[TASK INSTRUCTIONS] Write the listing out again exactly as it stands, with no images.

[RECORDED INFORMATION]

+--

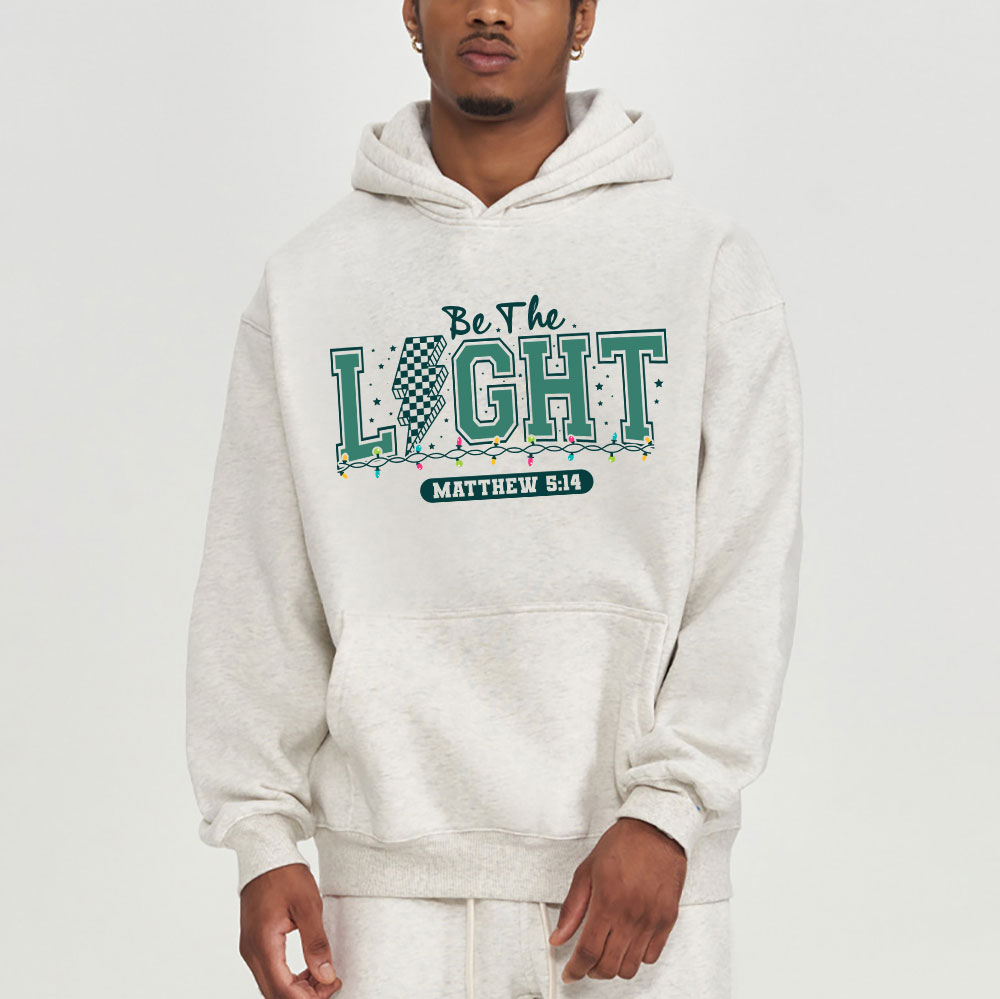 Be The Light Chritmas Christian Fleece Hoodie Set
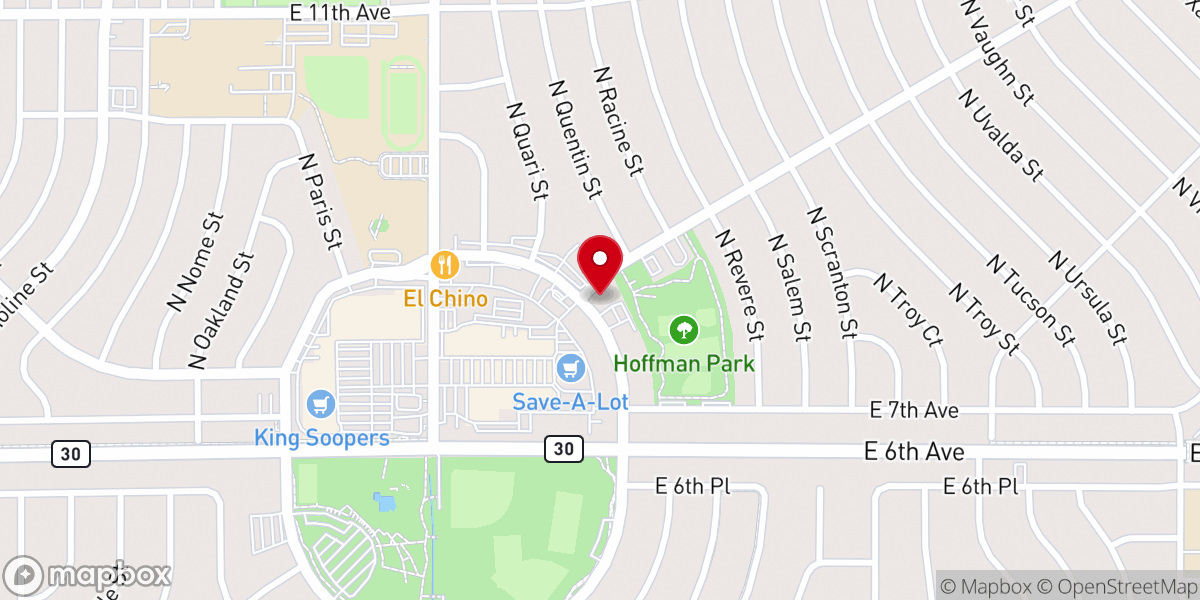 Map showing location of Faith Temple Church of God in Christ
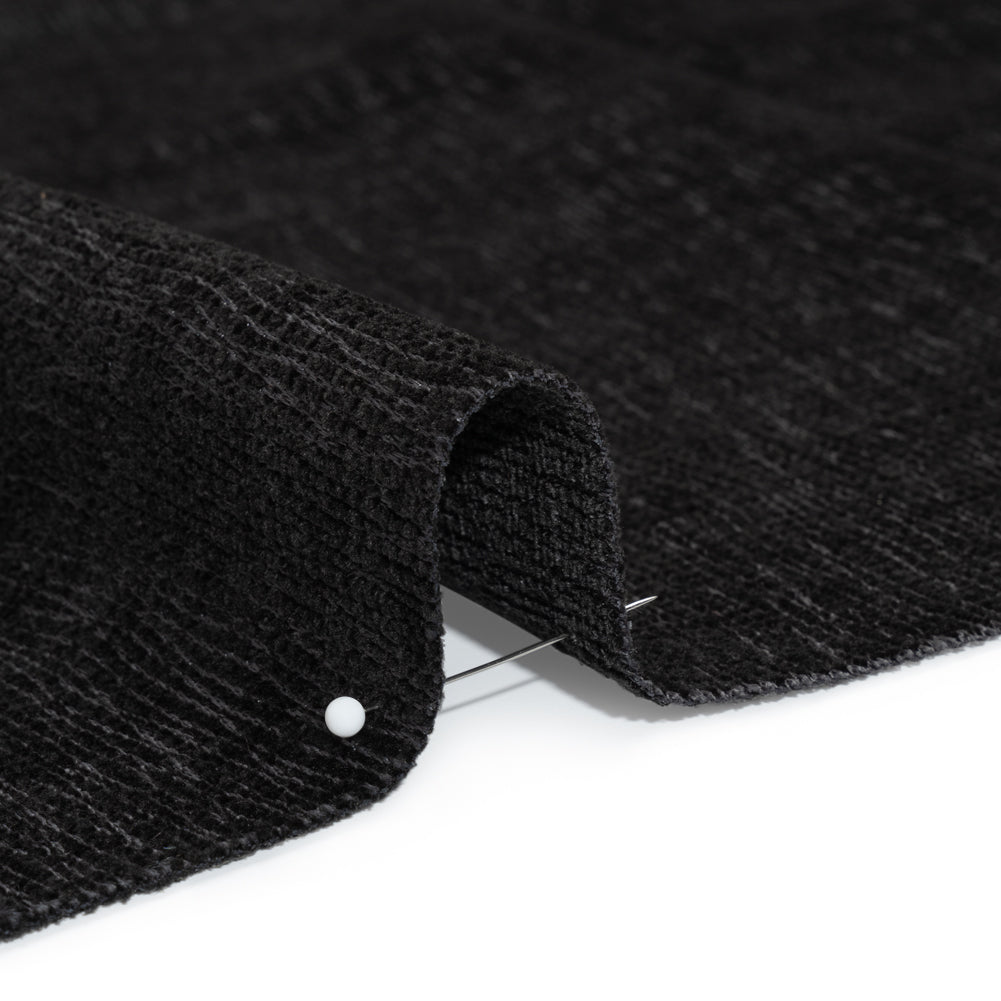 Chenille Upholstery Woven with Latex Backing - Night - Lovell Collection Detail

+--

[OUTPUT OF THE TASK]
 Be The Light Chritmas Christian Fleece Hoodie Set
 Map showing location of Faith Temple Church of God in Christ
 Chenille Upholstery Woven with Latex Backing - Night - Lovell Collection Detail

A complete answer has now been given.